EXERCISE:
No pictures belong in the copy. Retype exactly, and only, the stretch of lines below from the one with "Военный госпиталь в" through the one with "Kia Sorento Trendy*".

DATASET CONTENT:
━━━━━━━━━━━━━━━━━━━━

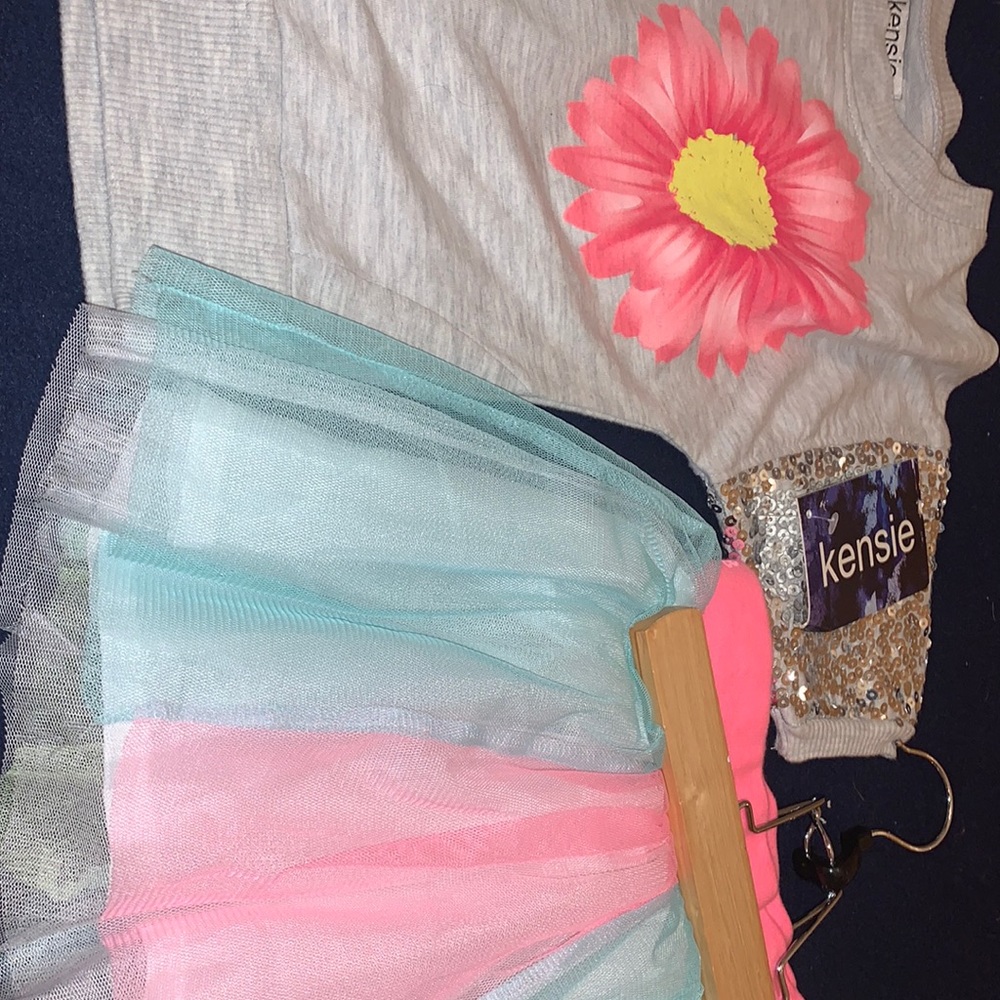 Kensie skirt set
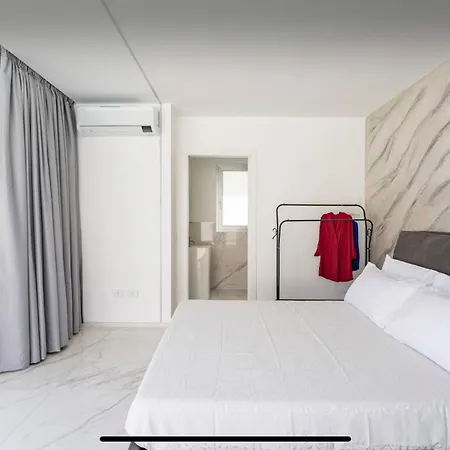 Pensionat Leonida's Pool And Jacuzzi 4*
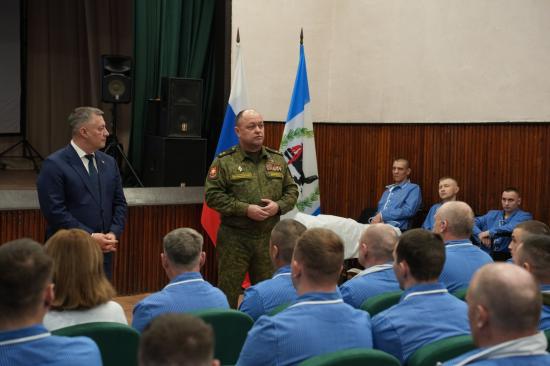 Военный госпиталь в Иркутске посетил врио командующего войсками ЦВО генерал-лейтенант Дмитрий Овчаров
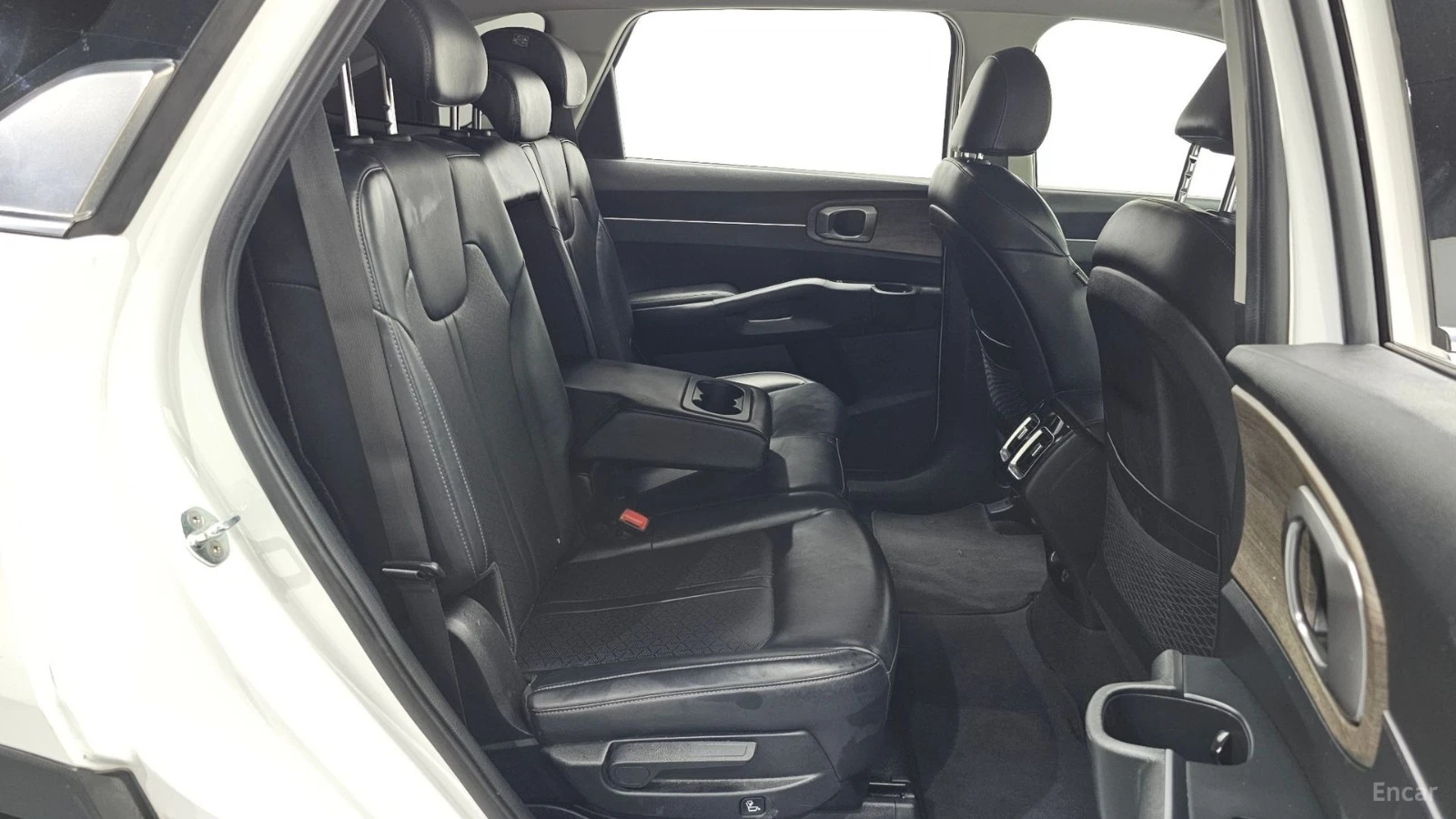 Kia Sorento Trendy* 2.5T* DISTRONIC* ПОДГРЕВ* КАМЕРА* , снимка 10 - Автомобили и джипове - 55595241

━━━━━━━━━━━━━━━━━━━━

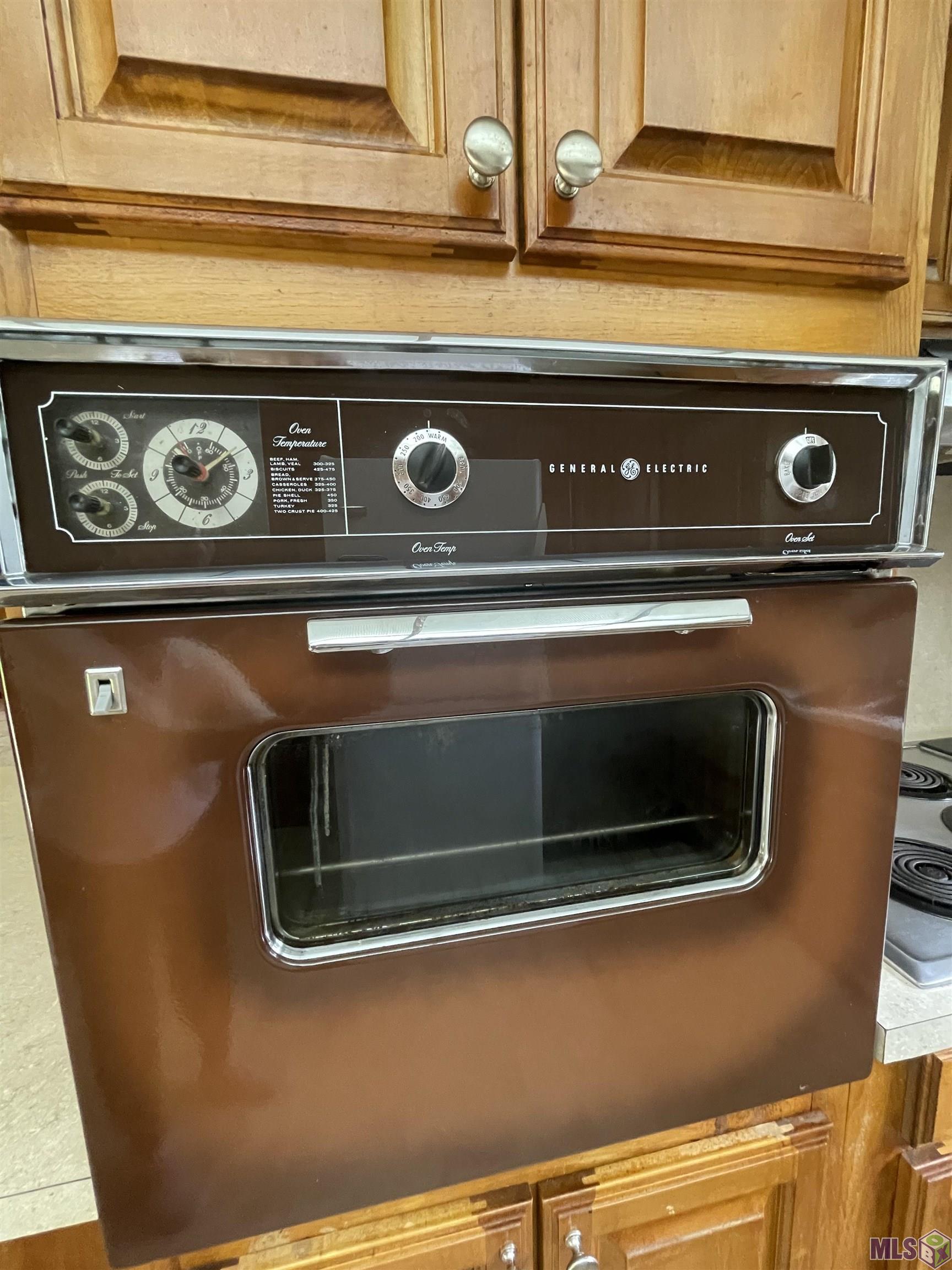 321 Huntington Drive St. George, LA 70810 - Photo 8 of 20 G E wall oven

━━━━━━━━━━━━━━━━━━━━

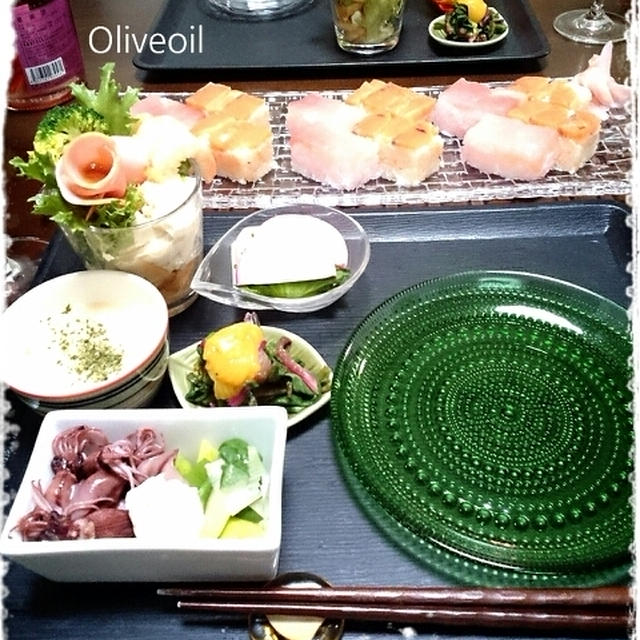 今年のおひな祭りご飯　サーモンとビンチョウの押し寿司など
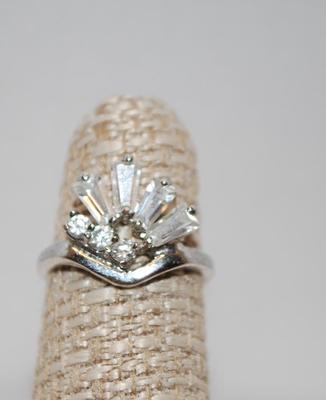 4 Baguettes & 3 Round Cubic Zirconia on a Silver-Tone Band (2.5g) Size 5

━━━━━━━━━━━━━━━━━━━━

WRITTEN RESPONSE:
 Военный госпиталь в Иркутске посетил врио командующего войсками ЦВО генерал-лейтенант Дмитрий Овчаров
 Kia Sorento Trendy* 2.5T* DISTRONIC* ПОДГРЕВ* КАМЕРА* , снимка 10 - Автомобили и джипове - 55595241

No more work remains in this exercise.